### Instructions to follow
Return all the data verbatim but without images.

### Recorded data
------

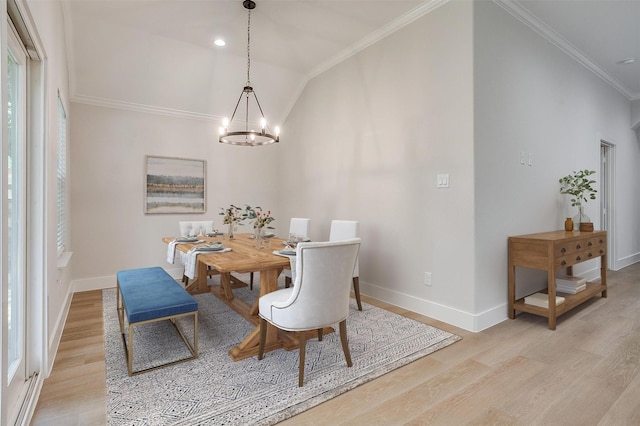 dining room with an inviting chandelier, lofted ceiling, ornamental molding, and light hardwood / wood-style floors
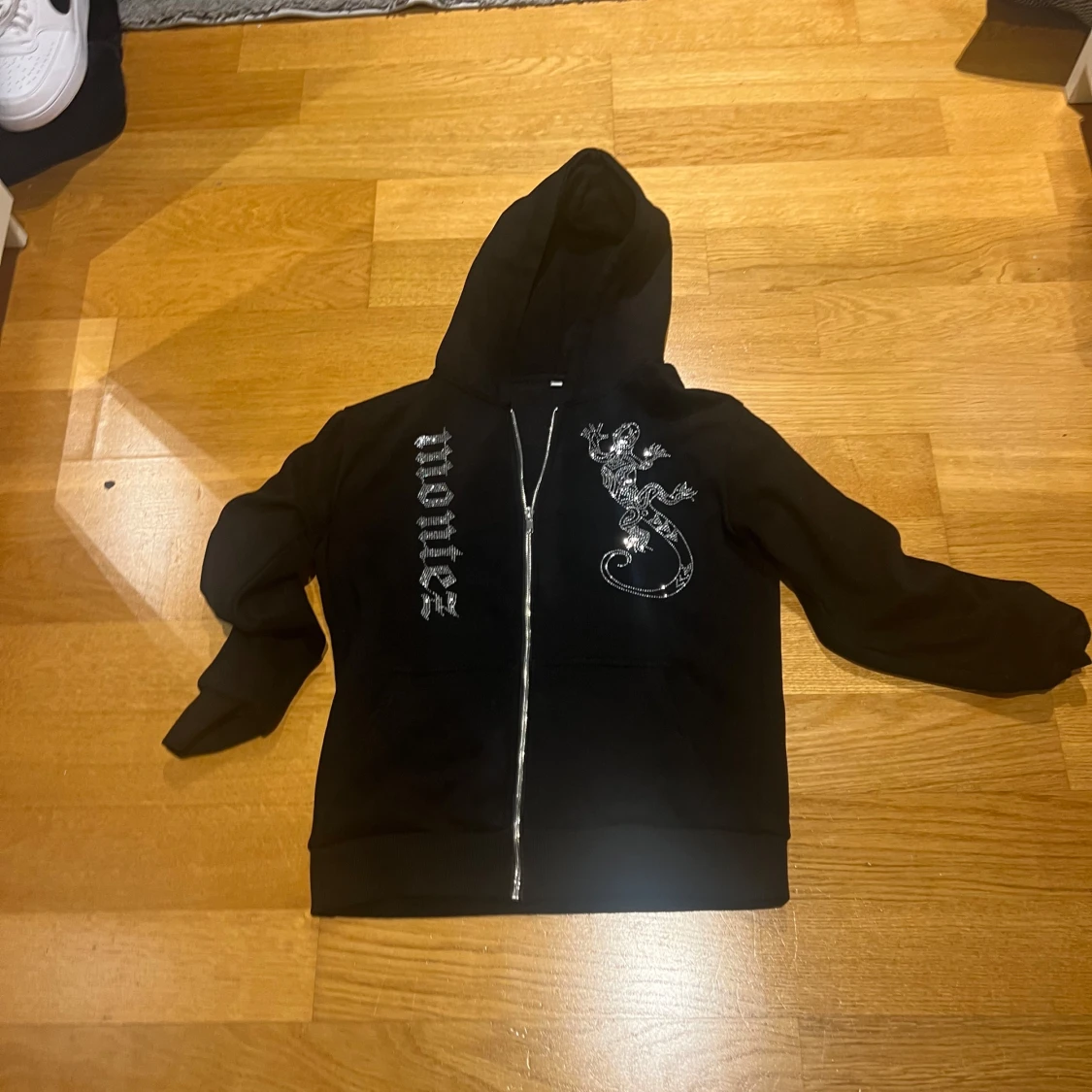 Svart hoodie med glittrig ödla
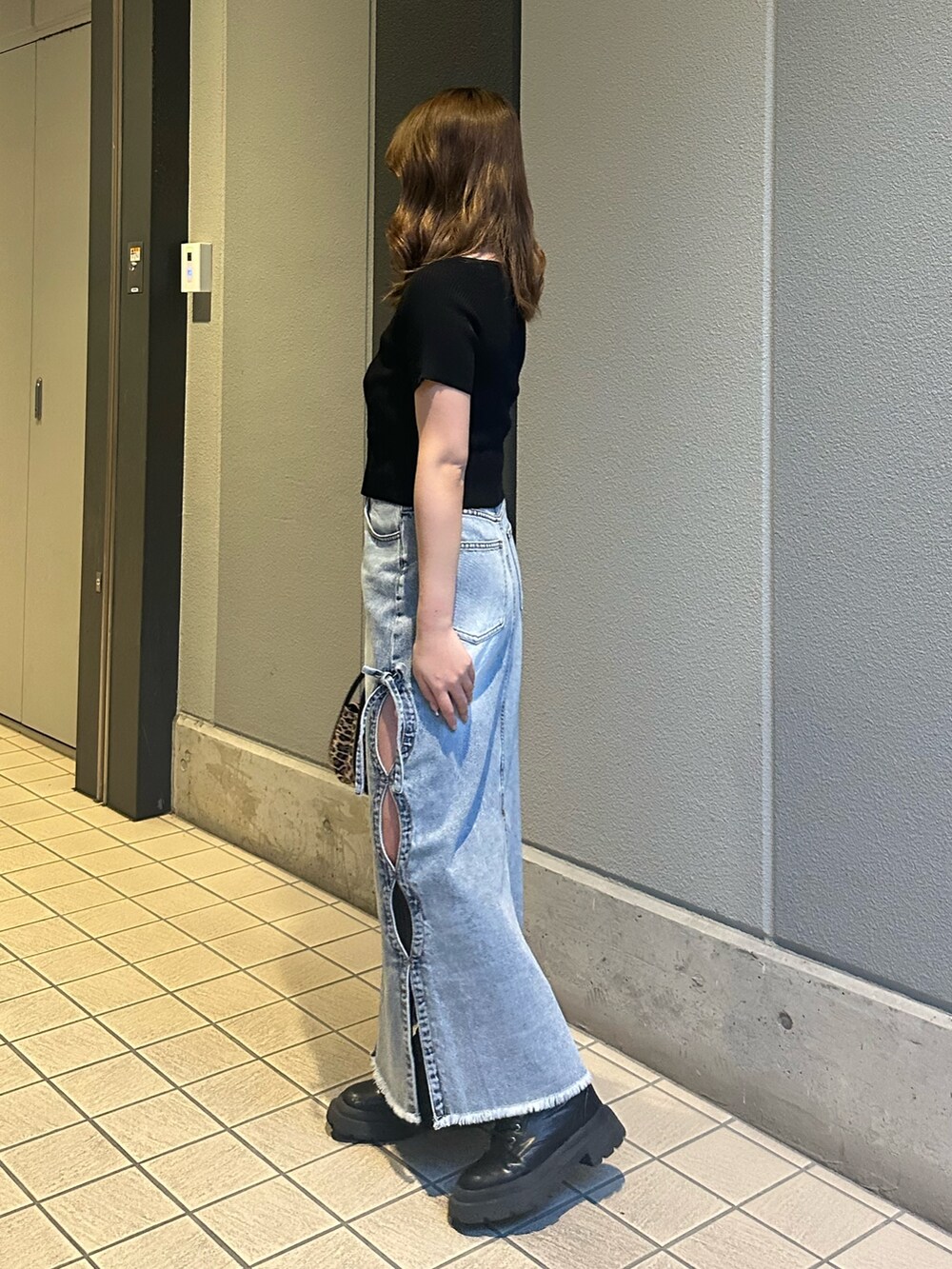 ブルー系のデニムスカート、その他のハンドバッグ、ブラック系のブーツを着用したレディースの春コーディネートの2枚目の写真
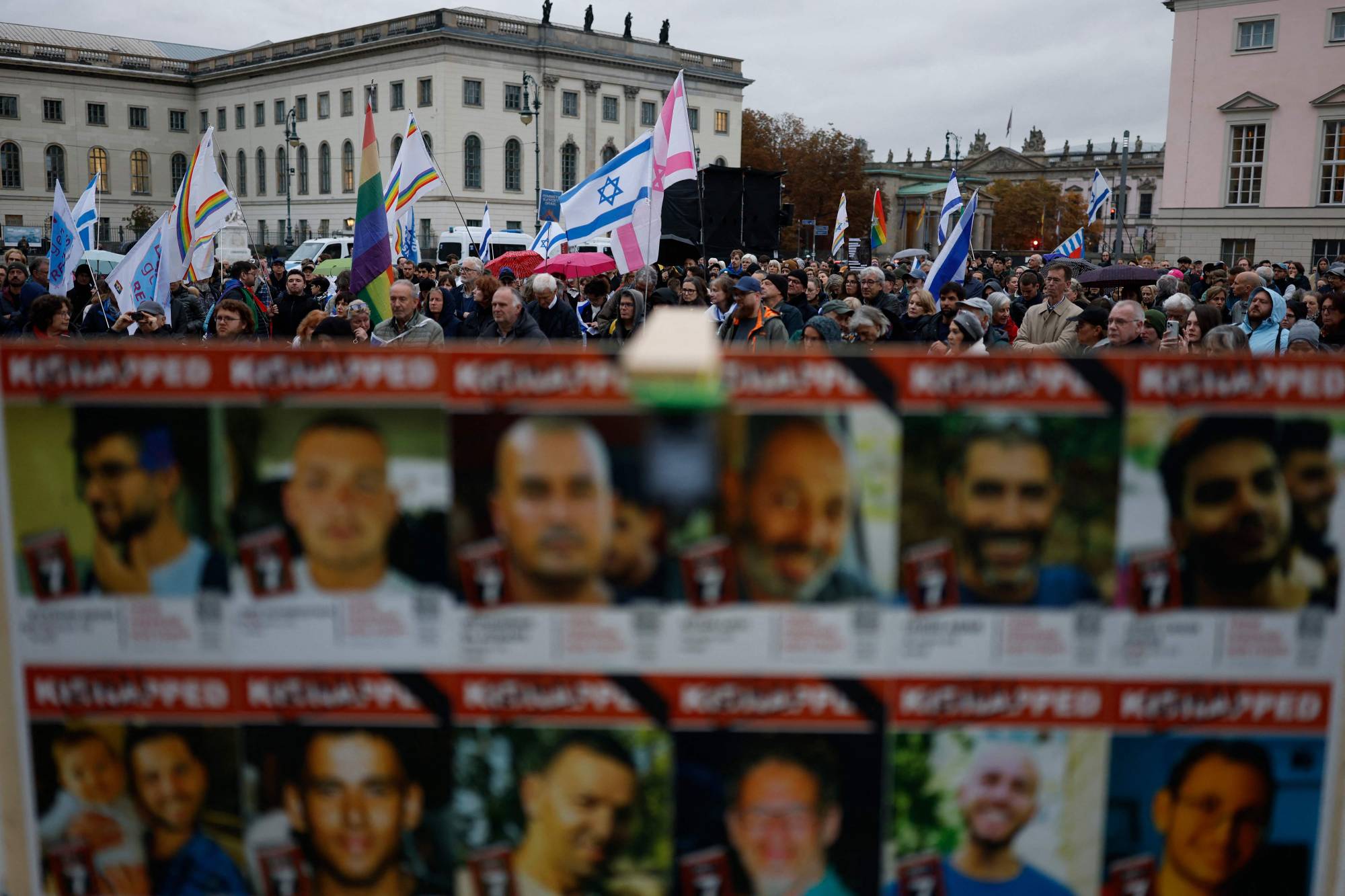 İnsanlar, 7 Ekim 2025'te İsrail'e yönelik gerçekleştirilen saldırının ikinci yıldönümünü anmak için Berlin'deki Bebelplatz Meydanı'nda İsrailli rehinelerin fotoğraflarının arkasında bir nöbet tutuyor (AFP)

------

### Answer section
 dining room with an inviting chandelier, lofted ceiling, ornamental molding, and light hardwood / wood-style floors
 Svart hoodie med glittrig ödla
 ブルー系のデニムスカート、その他のハンドバッグ、ブラック系のブーツを着用したレディースの春コーディネートの2枚目の写真
 İnsanlar, 7 Ekim 2025'te İsrail'e yönelik gerçekleştirilen saldırının ikinci yıldönümünü anmak için Berlin'deki Bebelplatz Meydanı'nda İsrailli rehinelerin fotoğraflarının arkasında bir nöbet tutuyor (AFP)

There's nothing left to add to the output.